The only places in WWII where bombing was really effective against railroads was in Italy and France where the damage was done by fighter bombers, Typhoons and P47s mostly. The reason it worked then is because the attacks could be repeated day after day so about the time the line was fixed here came the fighter bombers again.
Another problem with hitting rail lines with level bombers in WWII was the the targeters tended to go after bridges and marshaling yards where repair supplies where stored nearby, instead of out in the middle of nowhere where the Germans would have to spend a day or two transporting repair crews and supplies before they could even go to work on the damage. When you have as little chance as we did then of hitting a rail line I guess they had to hope to make up for the inaccuracy with collateral damage.
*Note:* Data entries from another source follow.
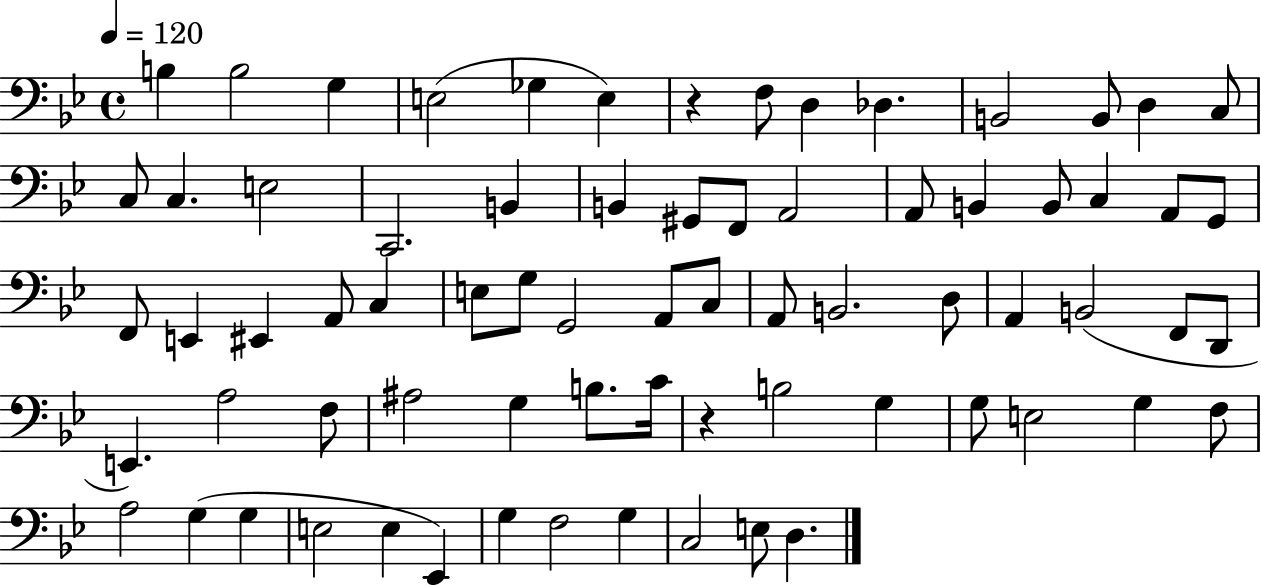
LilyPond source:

{
  \clef bass
  \time 4/4
  \defaultTimeSignature
  \key bes \major
  \tempo 4 = 120
  b4 b2 g4 | e2( ges4 e4) | r4 f8 d4 des4. | b,2 b,8 d4 c8 | \break c8 c4. e2 | c,2. b,4 | b,4 gis,8 f,8 a,2 | a,8 b,4 b,8 c4 a,8 g,8 | \break f,8 e,4 eis,4 a,8 c4 | e8 g8 g,2 a,8 c8 | a,8 b,2. d8 | a,4 b,2( f,8 d,8 | \break e,4.) a2 f8 | ais2 g4 b8. c'16 | r4 b2 g4 | g8 e2 g4 f8 | \break a2 g4( g4 | e2 e4 ees,4) | g4 f2 g4 | c2 e8 d4. | \break \bar "|."
}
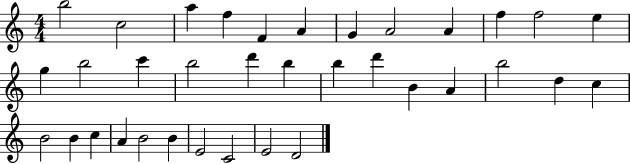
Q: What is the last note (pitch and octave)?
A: D4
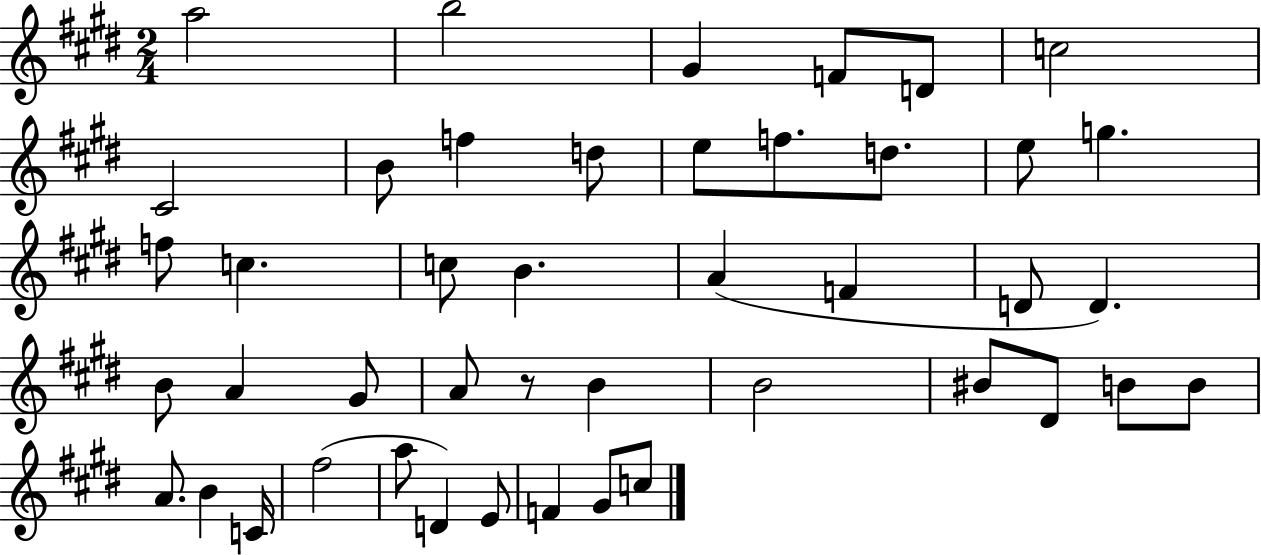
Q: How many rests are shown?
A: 1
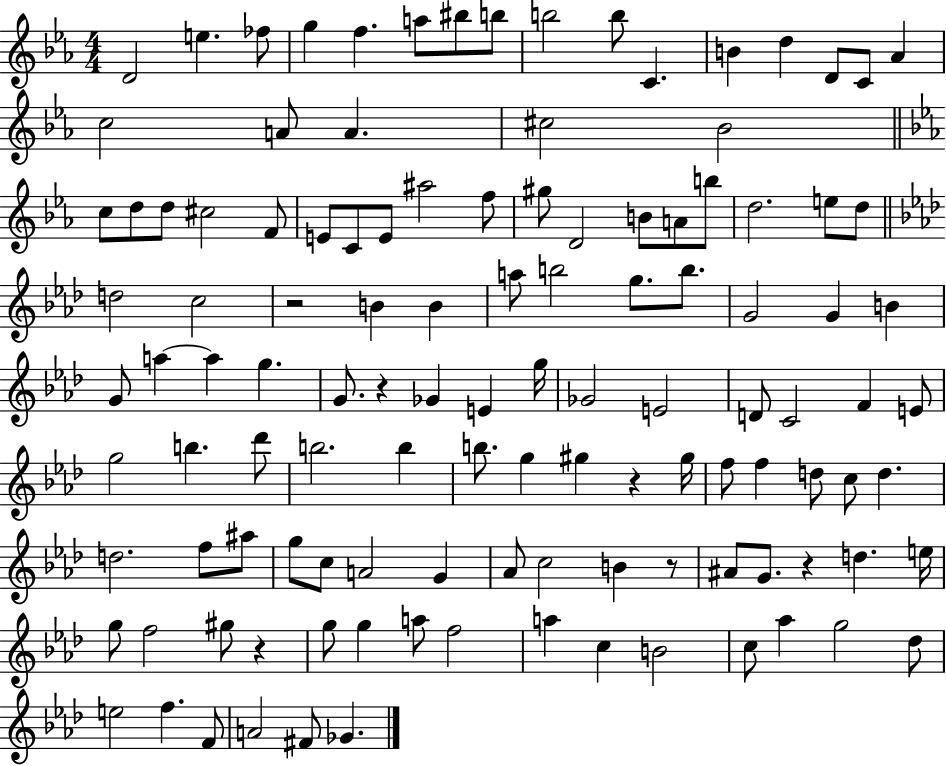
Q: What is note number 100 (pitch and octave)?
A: A5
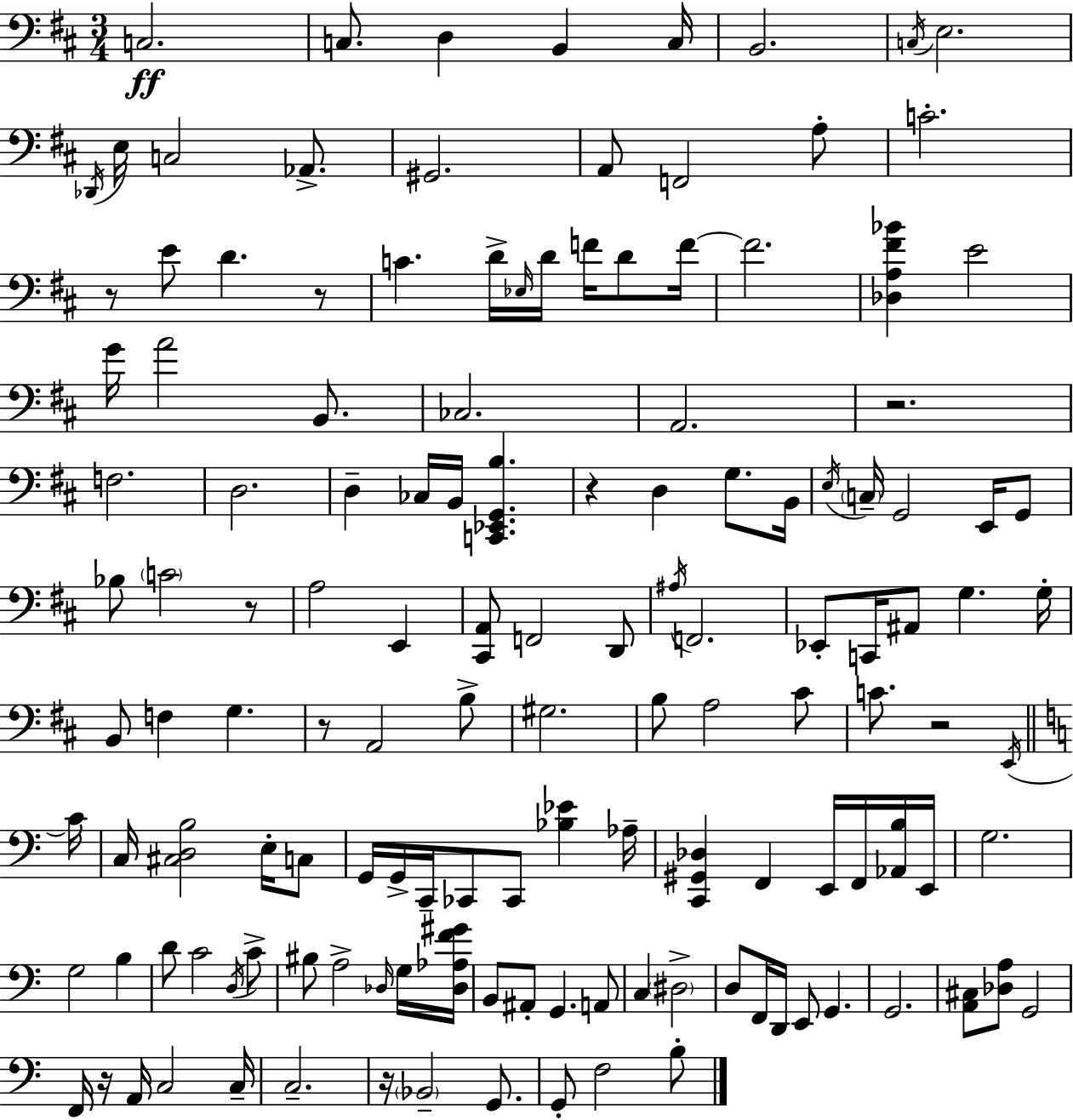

The best examples of war against railroads is the US civil war. The Union never caught N. B. Forrest and the Confederacy never stopped W. T. Sherman’s Bummers but both sides got so good at repairing the damage that by the end of the civil war the strategic benefits railroad wrecking were much reduced.
I suspect the ever efficient Germans in WWII would have developed the skill pretty quickly - we might have seen prisoners from the camps hauled out to make repairs, then sent back to be executed or killed on the spot, the deaths blamed on the allies.
The cruising speed of a fully-loaded B17 was far less than 300 mph, but I take your point.